BACKGROUND: It is known that Hashimoto’s thyroiditis (HT) may progress to Graves’ disease (GD) and that this phenomenon may be more frequent in the patients with Down syndrome (DS). AIMS: To shed light on the relationships between Down syndrome (DS) and metamorphic thyroid autoimmunity. PATIENTS AND METHODS: We reconstructed the conversion process from HT to GD in 12 DS children. All the data recorded at HT diagnosis and throughout the time interval from entry to GD presentation were retrospectively taken from patients’ files, as well as those recorded at GD diagnosis and during the subsequent evolution. From GD diagnosis all patients underwent methimazole treatment, at a dose that was adjusted on the basis of clinical findings and thyroid tests. RESULTS: Time interval between HT and GD was not different in the seven patients who received during that time a L-thyroxine (L-T4) treatment than in those who were not treated. After methimazole onset all patients exhibited a prolonged remission of hyperthyroidism. In 8/12 patients this treatment is still being continued 2–7 years after its initiation. The mean methimazole dosage needed to maintain euthyroidism in these eight patients was 0.12 ± 0.02 mg/kg/day.
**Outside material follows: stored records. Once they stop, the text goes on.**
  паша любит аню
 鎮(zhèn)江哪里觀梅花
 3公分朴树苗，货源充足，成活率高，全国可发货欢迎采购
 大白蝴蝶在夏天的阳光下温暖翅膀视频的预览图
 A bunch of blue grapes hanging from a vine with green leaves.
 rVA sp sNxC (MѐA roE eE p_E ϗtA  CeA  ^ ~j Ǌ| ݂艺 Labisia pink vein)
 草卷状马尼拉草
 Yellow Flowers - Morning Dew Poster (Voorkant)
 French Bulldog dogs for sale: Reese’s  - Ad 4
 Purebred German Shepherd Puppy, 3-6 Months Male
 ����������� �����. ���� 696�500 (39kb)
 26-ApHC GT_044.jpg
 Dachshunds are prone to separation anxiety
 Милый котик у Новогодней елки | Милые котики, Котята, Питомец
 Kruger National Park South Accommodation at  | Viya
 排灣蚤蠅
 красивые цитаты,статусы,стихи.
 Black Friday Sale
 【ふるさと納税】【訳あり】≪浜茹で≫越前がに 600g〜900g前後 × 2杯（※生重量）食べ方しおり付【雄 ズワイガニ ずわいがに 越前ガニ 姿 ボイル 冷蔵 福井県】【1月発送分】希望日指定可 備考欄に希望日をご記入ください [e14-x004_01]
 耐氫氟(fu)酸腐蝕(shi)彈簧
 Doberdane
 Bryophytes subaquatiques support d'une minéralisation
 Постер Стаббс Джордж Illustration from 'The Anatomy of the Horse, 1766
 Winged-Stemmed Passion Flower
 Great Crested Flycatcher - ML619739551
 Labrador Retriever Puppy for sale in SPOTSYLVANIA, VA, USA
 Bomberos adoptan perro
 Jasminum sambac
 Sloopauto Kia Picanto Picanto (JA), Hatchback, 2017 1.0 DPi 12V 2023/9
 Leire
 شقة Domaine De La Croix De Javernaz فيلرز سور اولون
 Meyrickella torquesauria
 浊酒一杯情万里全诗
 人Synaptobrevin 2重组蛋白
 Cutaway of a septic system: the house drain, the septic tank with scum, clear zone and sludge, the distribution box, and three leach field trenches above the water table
In the remaining four patients methimazole was withdrawn from 1.9 to 7 years after its initiation and no relapses were recorded 2.0–2.1 years after its withdrawal. These patients developed, 0.1–0.3 years after methimazole withdrawal, a picture of overt hypothyroidism and needed treatment with L-T4, that is now being continued. No patients needed non-pharmacological therapies. CONCLUSIONS: 1) DS children might be incline to manifest over time a phenotypic metamorphosis from HT to GD and to subsequently fluctuate from hyperthyroidism to hypothyroidism; 2) in DS GD may have a mild biochemical and clinical course.